**WORK TASK:** Give again, unaltered, the lines of the listing below that run from the line having "Walk-in, Sapho Esca" through the line having "Collar XL Maxi".

**SOURCE INFORMATION:**
=== Begin Enclosure ===

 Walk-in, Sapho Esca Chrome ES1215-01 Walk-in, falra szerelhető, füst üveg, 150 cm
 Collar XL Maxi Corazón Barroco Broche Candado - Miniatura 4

=== End Enclosure ===
=== Begin Enclosure ===

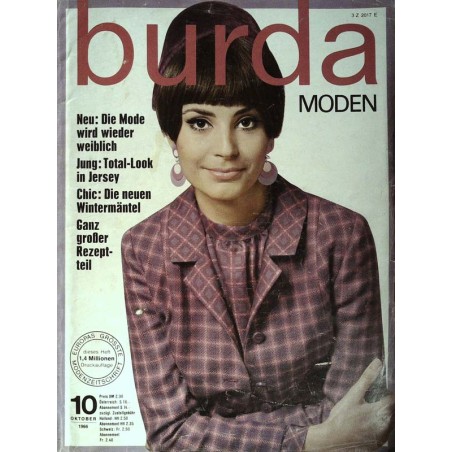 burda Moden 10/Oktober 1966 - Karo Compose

=== End Enclosure ===

**RESULT OF THE TASK:**
 Walk-in, Sapho Esca Chrome ES1215-01 Walk-in, falra szerelhető, füst üveg, 150 cm
 Collar XL Maxi Corazón Barroco Broche Candado - Miniatura 4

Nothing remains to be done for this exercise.